Девочка выходит со своим завернутым в газету «секретом».
— Как вы думаете, кому принадлежит стихотворение «Яблоко и Шакара»?
— А ты знаешь? — спрашивают дети.
— Знаю! — говорит Ния.
— Так скажи сама, чего же ты мучаешь нас!
— Скажу, конечно, — говорит она, — но скажите сперва, кто считает, что его автором не является Яков Семенович Гогебашвили?
Первая поднимает руку Нато, к ней присоединяются еще пятеро. Ния приглашает к доске всех шестерых.

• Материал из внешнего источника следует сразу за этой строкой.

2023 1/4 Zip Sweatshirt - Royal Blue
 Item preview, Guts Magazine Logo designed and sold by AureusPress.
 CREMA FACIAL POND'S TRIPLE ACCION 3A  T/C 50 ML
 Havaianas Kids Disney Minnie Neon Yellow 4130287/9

— Вот видите, — продолжает Ния, — все они оказались правы! Автором этого стихотворения является Акакий Церетели!
— Откуда ты знаешь?
— Не может быть!
— Я же говорил, что должен быть кто-то другой!
— Докажи!
Познавательный взрыв — только так я могу назвать то, что произошло в классе. Удивление, радость, озабоченность — вот о чем говорили лица и возгласы детей. Ния разворачивает газету и достает потрепанную книжечку. Рассказывает всем, как нашла ее дома, на какой странице напечатано это стихотворение. Она проходит между рядами, каждому показывает книжку, и каждый берет ее в руки, рассматривает обложку, читает первые строки стихотворения, то есть каждому хочется убедиться в достоверности сказанного Нией.
Сандро, Гига, Илико, Зурико о чем-то спорят, точнее, согласовывают между собой какую-то мысль. Затем Илико и Зурико подходят ко мне.
— Мы хотим что-то сказать, пусть нас послушают все!
— Ребята, — говорю я всем, — Илико и Зурико хотят сказать вам что-то очень важное!
Все умолкают.
— Этим не доказывается, что Гогебашвили не писал стихов. Мы думаем, что все эти стихи без автора вначале написал сам Гогебашвили...
— Нет, нет, Гогебашвили не мог написать стихи! — упорствует Нато.
— Почему, очень даже хорошо мог! — настаивает на своем Илико. — Только знаете, в чем дело? Гогебашвили самому не нравились эти стихи...
И, так как Илико говорит медленно, Зурико не выдерживает.
— ...и потому... Он же дружил с Акакием Церетели.
— Они были большими друзьями.
— И Гогебашвили попросил поэта поправить его стихи!
— А ты откуда знаешь, что Гогебашвили попросил Акакия Церетели поправить его стихи? — спорит с ними Нато.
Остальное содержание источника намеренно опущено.